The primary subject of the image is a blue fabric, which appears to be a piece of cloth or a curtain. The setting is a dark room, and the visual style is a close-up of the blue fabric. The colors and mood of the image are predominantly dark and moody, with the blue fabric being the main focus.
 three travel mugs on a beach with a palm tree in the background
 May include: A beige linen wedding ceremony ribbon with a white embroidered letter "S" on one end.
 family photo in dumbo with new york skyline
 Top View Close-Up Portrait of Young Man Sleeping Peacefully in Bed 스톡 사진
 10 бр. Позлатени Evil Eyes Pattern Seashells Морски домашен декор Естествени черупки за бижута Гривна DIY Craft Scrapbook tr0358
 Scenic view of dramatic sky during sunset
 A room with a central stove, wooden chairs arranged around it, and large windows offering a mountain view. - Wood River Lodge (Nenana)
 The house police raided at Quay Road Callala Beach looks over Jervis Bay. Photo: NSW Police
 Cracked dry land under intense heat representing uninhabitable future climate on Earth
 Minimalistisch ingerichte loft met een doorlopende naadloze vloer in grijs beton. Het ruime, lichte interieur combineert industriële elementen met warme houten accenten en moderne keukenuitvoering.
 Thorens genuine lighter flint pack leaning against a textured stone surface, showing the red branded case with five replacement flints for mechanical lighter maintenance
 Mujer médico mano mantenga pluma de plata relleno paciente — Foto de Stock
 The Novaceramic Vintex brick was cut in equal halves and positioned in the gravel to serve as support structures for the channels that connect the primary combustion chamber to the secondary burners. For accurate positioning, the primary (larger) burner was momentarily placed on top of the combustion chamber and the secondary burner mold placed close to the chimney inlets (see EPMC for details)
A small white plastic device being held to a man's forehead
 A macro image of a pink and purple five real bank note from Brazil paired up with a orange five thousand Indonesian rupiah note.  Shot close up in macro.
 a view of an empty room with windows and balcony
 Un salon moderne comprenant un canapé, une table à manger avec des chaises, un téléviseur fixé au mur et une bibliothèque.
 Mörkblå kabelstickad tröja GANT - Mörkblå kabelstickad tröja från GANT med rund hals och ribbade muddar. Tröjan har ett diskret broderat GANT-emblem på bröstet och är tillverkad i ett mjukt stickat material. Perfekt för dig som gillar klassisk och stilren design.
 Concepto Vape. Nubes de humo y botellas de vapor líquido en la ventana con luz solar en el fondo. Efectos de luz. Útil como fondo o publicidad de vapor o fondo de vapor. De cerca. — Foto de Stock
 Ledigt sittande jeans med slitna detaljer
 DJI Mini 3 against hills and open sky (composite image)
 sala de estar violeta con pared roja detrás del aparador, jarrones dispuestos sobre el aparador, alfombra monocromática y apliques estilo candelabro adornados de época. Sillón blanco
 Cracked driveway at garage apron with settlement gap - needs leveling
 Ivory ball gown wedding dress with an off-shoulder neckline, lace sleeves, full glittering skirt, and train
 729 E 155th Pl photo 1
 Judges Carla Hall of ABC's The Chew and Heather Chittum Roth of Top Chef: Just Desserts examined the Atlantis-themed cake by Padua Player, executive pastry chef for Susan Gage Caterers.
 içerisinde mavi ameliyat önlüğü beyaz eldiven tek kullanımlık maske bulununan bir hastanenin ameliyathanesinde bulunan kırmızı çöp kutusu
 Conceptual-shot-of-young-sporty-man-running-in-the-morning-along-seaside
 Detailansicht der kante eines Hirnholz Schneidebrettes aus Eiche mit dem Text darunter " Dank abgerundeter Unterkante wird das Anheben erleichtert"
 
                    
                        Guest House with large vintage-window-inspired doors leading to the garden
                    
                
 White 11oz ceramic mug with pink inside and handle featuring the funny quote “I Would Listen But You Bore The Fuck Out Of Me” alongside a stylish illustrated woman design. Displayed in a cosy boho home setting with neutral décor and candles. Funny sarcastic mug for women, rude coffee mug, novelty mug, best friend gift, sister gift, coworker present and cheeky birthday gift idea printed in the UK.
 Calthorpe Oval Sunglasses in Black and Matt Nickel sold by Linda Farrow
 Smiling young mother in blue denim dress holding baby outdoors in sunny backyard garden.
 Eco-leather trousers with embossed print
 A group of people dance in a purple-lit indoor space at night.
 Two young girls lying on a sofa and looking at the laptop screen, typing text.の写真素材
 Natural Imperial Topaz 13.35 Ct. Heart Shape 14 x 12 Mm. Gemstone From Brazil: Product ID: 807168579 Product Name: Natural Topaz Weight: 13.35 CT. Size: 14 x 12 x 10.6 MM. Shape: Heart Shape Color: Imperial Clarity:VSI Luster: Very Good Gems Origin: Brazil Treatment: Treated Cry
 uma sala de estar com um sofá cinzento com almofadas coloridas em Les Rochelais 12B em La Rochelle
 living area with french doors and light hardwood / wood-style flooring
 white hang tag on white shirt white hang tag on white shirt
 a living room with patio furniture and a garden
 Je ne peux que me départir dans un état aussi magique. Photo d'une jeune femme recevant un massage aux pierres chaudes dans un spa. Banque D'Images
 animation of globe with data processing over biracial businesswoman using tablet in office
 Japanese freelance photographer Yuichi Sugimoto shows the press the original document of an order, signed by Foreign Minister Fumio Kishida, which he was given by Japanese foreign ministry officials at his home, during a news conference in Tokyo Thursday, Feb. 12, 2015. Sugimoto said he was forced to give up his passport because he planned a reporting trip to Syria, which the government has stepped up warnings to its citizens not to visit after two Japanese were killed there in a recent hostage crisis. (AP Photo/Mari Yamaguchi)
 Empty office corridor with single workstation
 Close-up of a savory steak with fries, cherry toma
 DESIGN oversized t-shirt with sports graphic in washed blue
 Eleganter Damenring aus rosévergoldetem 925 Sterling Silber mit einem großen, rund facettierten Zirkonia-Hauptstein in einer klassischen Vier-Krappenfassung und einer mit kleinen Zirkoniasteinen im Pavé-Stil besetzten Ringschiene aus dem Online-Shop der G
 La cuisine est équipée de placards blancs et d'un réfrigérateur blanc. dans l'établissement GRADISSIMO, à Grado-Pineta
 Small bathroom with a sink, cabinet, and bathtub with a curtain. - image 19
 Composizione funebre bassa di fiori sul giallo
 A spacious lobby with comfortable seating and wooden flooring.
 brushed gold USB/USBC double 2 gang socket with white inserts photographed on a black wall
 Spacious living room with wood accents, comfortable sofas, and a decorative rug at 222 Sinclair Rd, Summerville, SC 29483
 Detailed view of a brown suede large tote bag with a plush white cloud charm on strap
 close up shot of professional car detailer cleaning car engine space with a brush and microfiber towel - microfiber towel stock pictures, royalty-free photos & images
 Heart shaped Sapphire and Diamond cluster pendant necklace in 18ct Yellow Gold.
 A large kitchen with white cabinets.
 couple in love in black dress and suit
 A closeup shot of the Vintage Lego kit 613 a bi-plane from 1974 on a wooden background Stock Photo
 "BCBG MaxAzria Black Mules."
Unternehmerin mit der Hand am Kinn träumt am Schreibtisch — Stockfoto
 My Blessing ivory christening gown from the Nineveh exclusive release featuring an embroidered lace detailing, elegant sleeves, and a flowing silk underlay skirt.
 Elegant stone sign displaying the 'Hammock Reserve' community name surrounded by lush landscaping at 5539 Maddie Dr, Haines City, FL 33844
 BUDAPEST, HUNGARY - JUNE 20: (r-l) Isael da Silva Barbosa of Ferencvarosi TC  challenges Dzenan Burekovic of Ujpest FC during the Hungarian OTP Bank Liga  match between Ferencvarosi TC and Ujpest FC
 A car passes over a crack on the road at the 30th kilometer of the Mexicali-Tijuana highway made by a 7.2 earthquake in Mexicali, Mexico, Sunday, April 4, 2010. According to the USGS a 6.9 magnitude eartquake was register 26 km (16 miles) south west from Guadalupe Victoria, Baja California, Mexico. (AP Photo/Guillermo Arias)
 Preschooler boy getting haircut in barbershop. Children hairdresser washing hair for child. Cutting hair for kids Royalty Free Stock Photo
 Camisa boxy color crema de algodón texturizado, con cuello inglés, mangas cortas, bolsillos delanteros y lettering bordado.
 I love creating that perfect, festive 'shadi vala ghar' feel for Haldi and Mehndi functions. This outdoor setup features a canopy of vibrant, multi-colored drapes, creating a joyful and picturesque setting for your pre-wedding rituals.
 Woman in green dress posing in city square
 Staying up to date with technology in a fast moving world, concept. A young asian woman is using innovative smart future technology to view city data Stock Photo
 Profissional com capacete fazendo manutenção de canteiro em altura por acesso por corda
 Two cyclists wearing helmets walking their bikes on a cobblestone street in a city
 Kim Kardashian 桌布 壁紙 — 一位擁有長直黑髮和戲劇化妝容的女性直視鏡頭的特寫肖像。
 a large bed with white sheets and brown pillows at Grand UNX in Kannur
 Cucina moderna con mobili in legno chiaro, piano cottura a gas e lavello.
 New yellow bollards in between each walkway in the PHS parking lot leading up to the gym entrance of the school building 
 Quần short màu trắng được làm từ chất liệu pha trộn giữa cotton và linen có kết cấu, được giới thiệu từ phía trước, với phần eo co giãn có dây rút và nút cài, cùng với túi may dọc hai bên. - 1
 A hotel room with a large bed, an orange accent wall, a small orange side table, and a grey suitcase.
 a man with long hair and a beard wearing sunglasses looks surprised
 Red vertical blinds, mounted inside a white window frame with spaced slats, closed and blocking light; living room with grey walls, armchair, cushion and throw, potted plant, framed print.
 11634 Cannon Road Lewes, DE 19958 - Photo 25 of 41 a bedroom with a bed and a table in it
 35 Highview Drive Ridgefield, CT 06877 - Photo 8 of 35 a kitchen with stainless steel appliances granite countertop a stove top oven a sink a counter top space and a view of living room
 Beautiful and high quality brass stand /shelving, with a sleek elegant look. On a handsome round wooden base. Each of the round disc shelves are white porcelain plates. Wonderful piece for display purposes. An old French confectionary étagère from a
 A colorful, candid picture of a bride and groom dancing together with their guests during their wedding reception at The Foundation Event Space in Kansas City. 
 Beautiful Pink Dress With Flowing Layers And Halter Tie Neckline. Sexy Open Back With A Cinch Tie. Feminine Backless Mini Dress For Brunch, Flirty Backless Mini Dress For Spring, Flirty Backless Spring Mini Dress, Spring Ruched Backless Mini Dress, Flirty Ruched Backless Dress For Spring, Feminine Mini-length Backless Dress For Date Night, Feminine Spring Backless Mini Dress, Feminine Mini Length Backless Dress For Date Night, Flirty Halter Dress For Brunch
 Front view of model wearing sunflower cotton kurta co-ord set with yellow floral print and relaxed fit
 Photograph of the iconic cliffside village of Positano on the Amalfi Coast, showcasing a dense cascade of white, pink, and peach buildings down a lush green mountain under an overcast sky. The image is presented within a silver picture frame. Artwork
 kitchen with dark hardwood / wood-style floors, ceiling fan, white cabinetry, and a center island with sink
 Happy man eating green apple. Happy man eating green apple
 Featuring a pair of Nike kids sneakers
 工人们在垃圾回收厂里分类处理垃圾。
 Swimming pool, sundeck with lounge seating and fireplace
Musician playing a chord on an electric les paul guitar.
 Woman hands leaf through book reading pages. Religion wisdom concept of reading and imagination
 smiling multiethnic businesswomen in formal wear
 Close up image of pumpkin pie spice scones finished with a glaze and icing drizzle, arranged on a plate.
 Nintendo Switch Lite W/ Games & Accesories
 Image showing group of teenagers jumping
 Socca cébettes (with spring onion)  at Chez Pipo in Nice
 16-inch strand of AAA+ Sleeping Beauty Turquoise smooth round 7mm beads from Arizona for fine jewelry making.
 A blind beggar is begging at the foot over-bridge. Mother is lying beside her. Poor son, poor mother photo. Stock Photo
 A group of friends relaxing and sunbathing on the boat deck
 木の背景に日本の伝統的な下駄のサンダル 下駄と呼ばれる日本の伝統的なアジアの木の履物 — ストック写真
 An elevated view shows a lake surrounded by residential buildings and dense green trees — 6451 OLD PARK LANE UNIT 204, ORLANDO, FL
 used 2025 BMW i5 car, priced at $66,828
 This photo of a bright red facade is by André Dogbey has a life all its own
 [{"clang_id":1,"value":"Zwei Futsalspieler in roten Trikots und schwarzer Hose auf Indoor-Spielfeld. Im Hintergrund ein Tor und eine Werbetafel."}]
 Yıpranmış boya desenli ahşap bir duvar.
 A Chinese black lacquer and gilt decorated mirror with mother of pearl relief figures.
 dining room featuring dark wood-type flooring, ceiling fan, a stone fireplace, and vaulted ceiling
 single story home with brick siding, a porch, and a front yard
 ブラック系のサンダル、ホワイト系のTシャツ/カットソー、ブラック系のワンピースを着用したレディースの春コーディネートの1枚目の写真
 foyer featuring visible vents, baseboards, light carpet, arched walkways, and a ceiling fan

....

Problem:
Beginning at the top of the data, please return every line until and including the line containing "Mujer médico mano", copied exactly, and nothing past it.

Answer:
The primary subject of the image is a blue fabric, which appears to be a piece of cloth or a curtain. The setting is a dark room, and the visual style is a close-up of the blue fabric. The colors and mood of the image are predominantly dark and moody, with the blue fabric being the main focus.
 three travel mugs on a beach with a palm tree in the background
 May include: A beige linen wedding ceremony ribbon with a white embroidered letter "S" on one end.
 family photo in dumbo with new york skyline
 Top View Close-Up Portrait of Young Man Sleeping Peacefully in Bed 스톡 사진
 10 бр. Позлатени Evil Eyes Pattern Seashells Морски домашен декор Естествени черупки за бижута Гривна DIY Craft Scrapbook tr0358
 Scenic view of dramatic sky during sunset
 A room with a central stove, wooden chairs arranged around it, and large windows offering a mountain view. - Wood River Lodge (Nenana)
 The house police raided at Quay Road Callala Beach looks over Jervis Bay. Photo: NSW Police
 Cracked dry land under intense heat representing uninhabitable future climate on Earth
 Minimalistisch ingerichte loft met een doorlopende naadloze vloer in grijs beton. Het ruime, lichte interieur combineert industriële elementen met warme houten accenten en moderne keukenuitvoering.
 Thorens genuine lighter flint pack leaning against a textured stone surface, showing the red branded case with five replacement flints for mechanical lighter maintenance
 Mujer médico mano mantenga pluma de plata relleno paciente — Foto de Stock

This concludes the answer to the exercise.